◆ The task
Go through the material below and count the lines containing the word "reception". Give that number by itself.

(Beginning of Excerpted records)

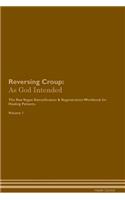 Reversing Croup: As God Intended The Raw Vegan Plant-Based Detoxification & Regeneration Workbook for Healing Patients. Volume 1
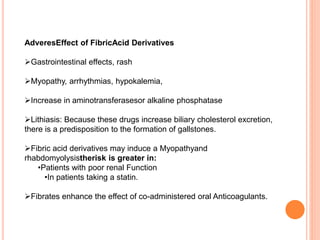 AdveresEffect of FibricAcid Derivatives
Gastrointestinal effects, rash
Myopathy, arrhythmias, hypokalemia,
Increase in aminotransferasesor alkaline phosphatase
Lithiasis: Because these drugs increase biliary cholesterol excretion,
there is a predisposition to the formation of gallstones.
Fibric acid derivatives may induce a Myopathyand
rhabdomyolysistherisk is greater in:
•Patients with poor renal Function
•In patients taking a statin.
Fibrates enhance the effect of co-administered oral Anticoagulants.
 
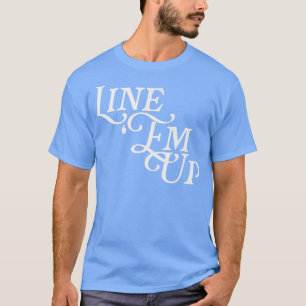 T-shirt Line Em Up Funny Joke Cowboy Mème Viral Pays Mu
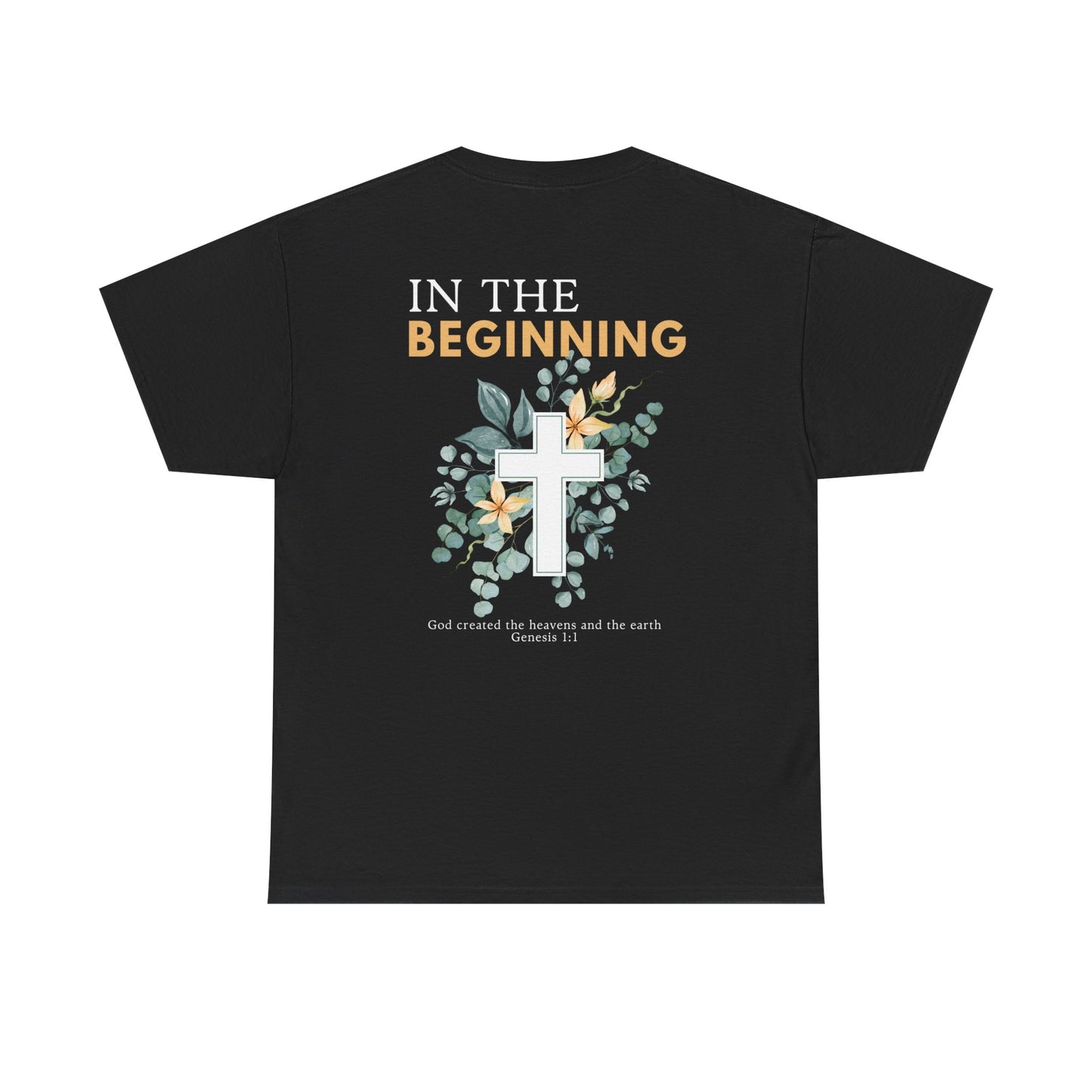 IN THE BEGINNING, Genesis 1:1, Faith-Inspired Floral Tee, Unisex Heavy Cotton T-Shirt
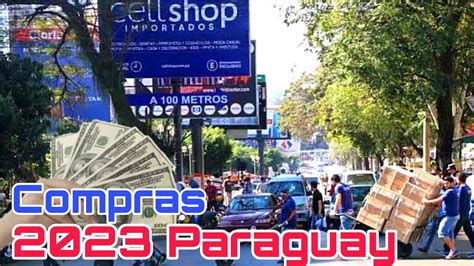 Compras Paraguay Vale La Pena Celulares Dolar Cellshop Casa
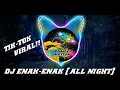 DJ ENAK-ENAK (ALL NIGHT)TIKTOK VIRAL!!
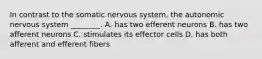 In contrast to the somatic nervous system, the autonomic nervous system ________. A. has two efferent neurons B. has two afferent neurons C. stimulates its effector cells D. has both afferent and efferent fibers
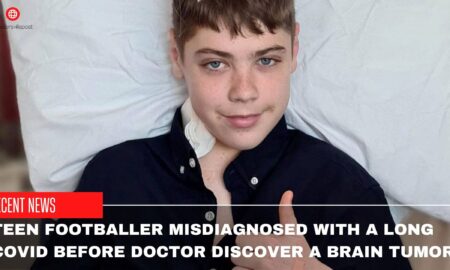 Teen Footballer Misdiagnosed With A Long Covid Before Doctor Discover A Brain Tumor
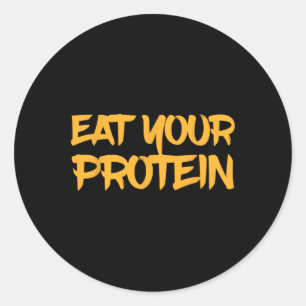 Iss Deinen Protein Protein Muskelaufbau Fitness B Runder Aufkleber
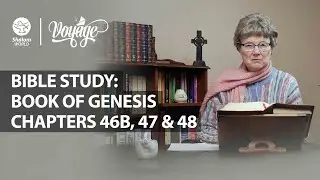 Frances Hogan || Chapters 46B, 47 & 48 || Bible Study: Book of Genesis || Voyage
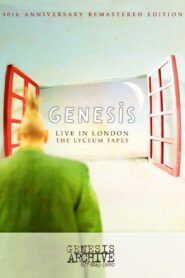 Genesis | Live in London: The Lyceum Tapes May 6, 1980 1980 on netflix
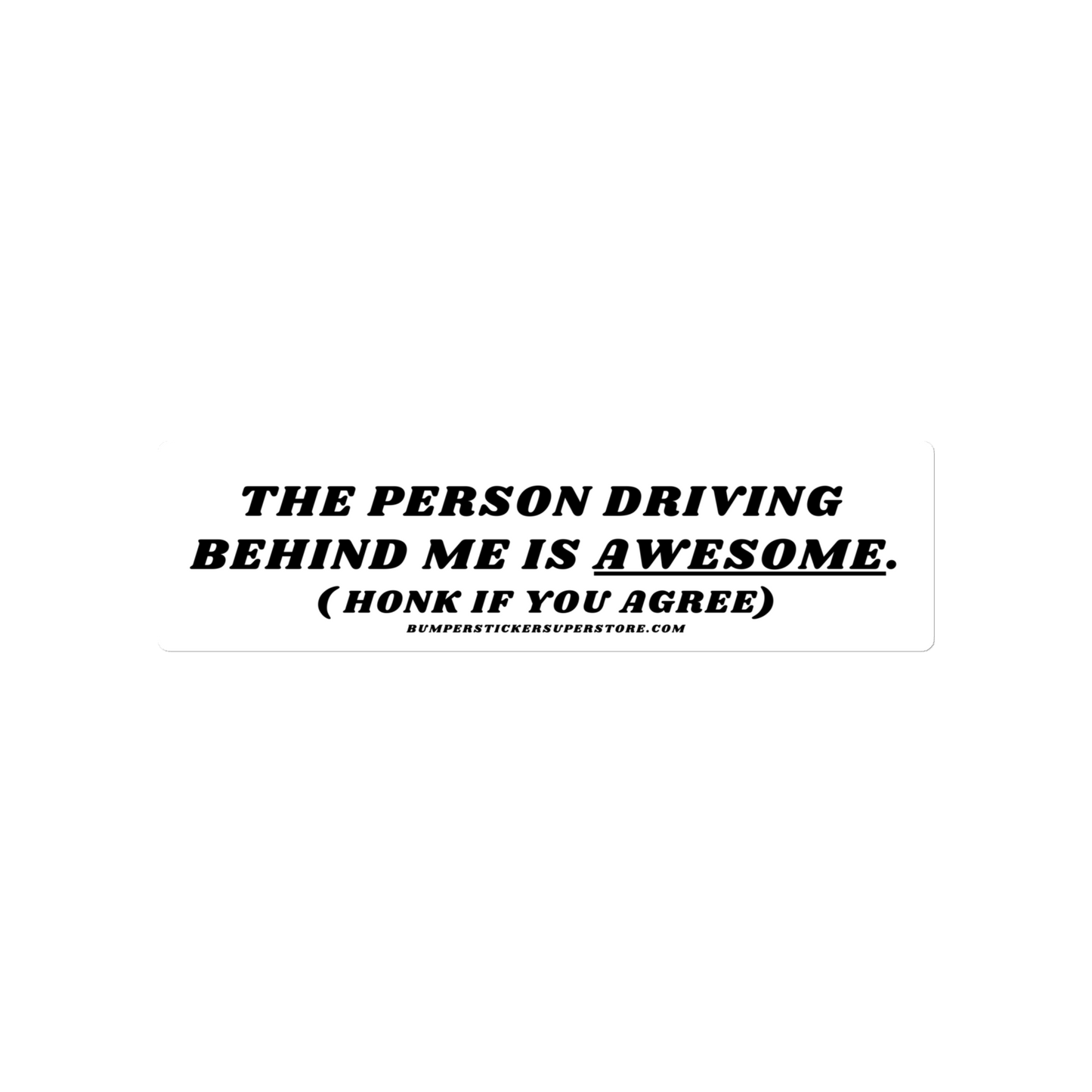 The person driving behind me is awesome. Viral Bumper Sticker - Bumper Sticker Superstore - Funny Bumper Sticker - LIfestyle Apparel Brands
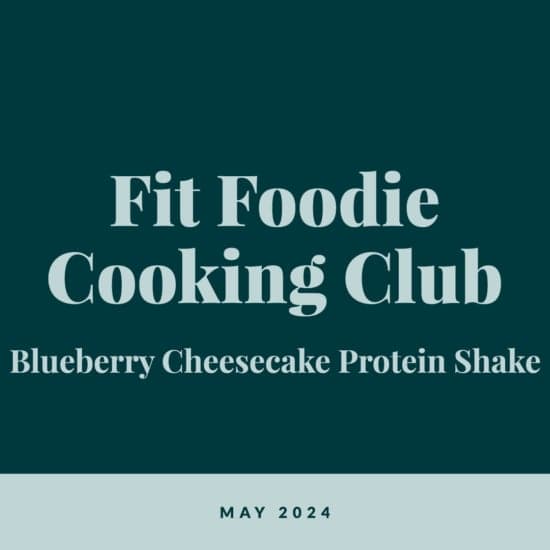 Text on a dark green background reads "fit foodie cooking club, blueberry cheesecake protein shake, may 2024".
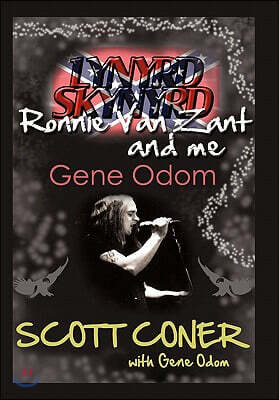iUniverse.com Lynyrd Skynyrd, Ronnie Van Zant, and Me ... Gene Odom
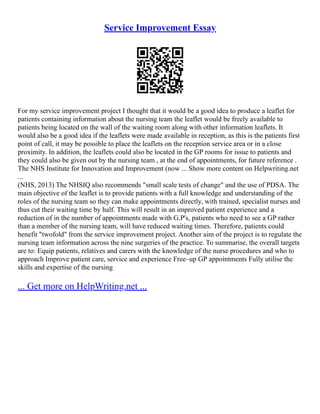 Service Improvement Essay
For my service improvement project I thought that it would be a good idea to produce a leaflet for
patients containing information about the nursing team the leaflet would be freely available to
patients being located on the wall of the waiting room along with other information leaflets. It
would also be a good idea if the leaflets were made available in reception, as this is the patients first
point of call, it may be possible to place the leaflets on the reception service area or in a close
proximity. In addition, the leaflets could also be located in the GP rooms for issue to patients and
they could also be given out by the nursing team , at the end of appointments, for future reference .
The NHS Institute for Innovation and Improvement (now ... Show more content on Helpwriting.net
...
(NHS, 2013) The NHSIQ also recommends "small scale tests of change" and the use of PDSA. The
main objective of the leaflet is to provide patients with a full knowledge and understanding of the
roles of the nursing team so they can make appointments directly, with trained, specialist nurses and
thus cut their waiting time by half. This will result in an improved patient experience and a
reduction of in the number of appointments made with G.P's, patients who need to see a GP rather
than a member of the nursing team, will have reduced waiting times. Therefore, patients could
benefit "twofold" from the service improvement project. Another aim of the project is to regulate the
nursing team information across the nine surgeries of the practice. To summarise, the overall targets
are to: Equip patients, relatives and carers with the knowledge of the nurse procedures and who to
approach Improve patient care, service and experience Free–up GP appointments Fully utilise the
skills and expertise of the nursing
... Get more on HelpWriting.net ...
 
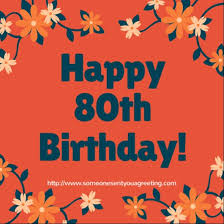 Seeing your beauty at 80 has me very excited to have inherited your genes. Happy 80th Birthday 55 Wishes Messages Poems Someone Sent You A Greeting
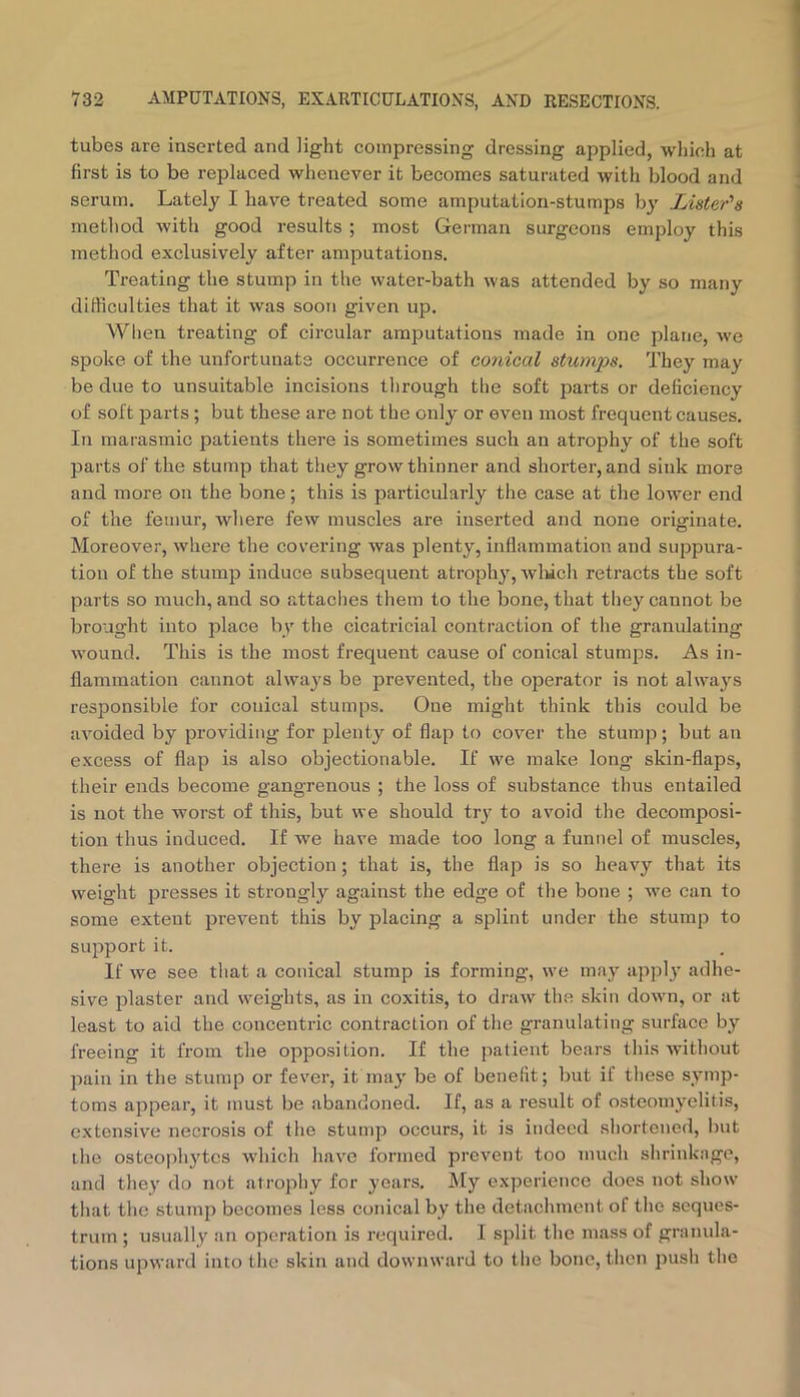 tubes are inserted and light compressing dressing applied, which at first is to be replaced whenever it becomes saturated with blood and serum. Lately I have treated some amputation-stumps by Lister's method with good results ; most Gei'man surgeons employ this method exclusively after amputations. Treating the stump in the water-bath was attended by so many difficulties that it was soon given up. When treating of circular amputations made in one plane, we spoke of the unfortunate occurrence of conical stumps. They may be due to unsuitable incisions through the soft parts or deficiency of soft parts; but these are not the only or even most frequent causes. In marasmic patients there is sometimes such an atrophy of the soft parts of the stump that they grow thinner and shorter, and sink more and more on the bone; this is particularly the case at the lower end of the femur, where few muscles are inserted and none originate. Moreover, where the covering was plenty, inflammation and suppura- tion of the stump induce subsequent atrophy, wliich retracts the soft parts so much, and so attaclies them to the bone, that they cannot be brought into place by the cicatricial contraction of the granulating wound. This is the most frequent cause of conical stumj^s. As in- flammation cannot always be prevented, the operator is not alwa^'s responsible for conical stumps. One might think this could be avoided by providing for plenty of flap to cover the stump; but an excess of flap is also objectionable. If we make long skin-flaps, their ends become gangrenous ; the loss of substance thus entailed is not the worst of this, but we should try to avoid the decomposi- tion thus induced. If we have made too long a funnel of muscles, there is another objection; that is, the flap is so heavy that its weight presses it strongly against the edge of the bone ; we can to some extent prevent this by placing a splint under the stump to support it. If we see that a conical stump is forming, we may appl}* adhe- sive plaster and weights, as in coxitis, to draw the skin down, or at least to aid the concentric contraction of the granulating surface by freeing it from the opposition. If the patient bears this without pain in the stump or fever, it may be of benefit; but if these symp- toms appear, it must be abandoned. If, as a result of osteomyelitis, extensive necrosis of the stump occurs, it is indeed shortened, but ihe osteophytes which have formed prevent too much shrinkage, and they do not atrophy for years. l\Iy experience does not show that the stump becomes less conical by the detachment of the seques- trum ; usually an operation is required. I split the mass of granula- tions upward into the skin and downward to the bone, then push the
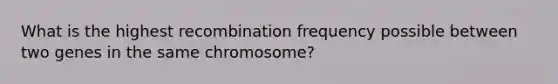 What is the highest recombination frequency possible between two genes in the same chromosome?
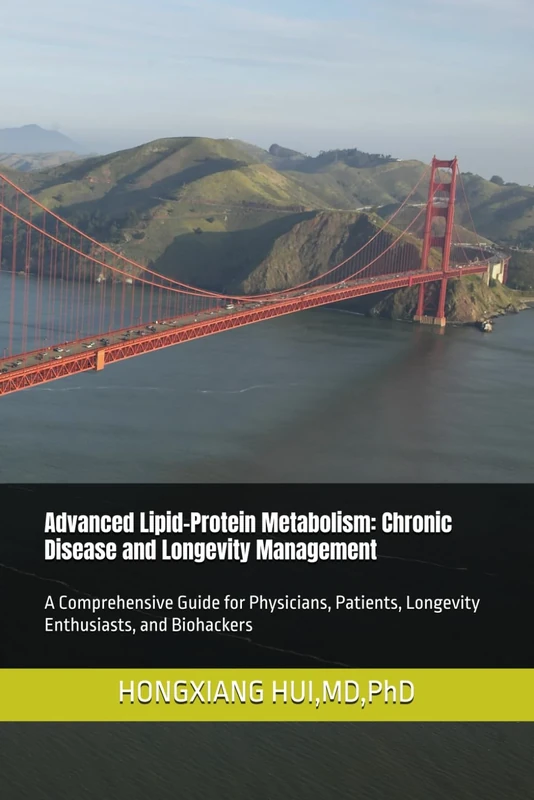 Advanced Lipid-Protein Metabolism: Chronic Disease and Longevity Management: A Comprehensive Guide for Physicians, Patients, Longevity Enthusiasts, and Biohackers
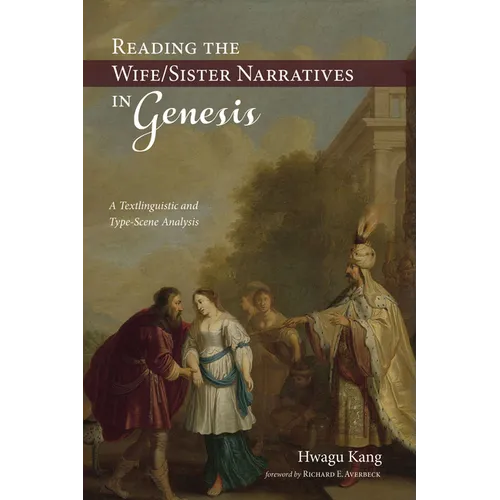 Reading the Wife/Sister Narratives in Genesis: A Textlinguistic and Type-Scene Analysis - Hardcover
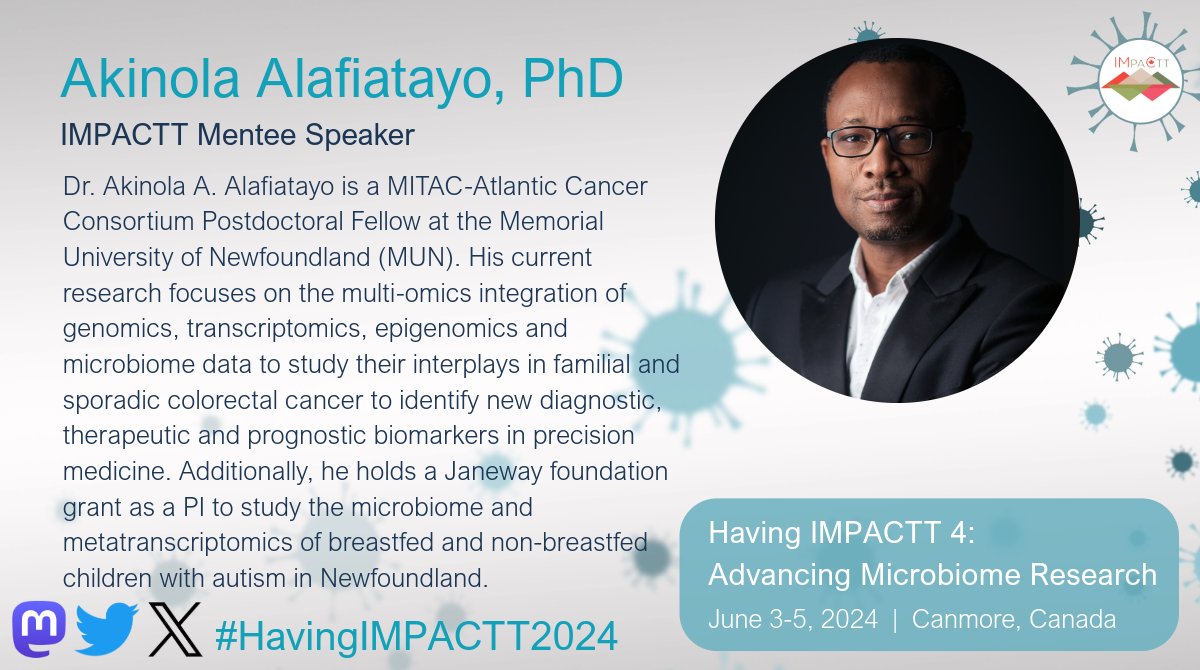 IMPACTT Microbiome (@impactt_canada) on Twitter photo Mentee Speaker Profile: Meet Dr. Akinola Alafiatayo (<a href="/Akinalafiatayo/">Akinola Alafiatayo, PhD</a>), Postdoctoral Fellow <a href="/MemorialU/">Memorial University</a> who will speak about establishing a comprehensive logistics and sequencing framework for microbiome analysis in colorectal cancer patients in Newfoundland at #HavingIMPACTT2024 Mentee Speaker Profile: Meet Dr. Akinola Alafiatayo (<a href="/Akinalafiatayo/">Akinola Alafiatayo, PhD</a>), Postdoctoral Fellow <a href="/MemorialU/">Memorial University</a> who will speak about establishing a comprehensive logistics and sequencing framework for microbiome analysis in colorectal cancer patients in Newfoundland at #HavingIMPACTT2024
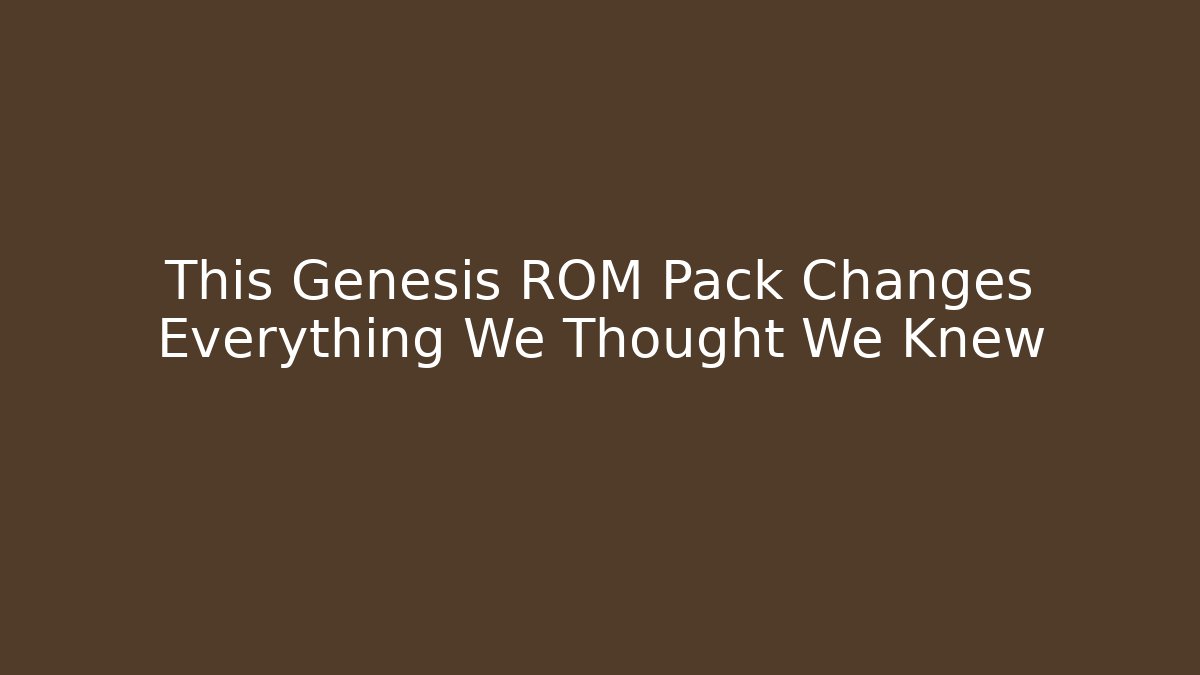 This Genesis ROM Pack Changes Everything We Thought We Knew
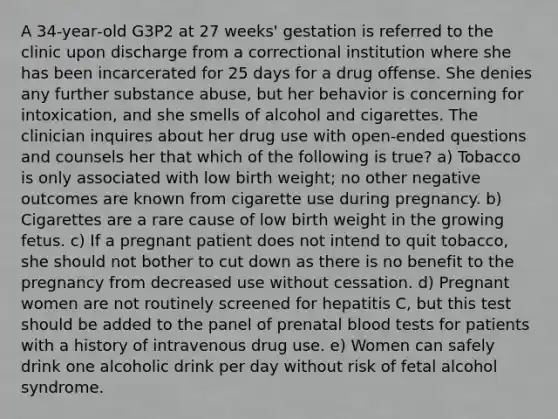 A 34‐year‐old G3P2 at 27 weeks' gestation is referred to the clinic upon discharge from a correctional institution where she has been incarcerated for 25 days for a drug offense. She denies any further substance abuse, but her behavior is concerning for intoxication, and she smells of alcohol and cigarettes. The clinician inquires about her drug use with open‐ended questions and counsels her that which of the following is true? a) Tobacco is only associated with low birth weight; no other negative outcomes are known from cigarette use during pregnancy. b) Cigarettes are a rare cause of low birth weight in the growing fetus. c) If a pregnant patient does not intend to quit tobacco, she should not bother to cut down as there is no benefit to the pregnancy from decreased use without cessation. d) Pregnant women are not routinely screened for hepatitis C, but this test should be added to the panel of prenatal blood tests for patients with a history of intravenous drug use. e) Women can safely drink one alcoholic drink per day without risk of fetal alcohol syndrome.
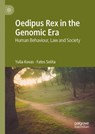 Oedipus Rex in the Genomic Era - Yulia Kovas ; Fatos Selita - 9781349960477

(End of Excerpted records)

◆ Result of the exercise
2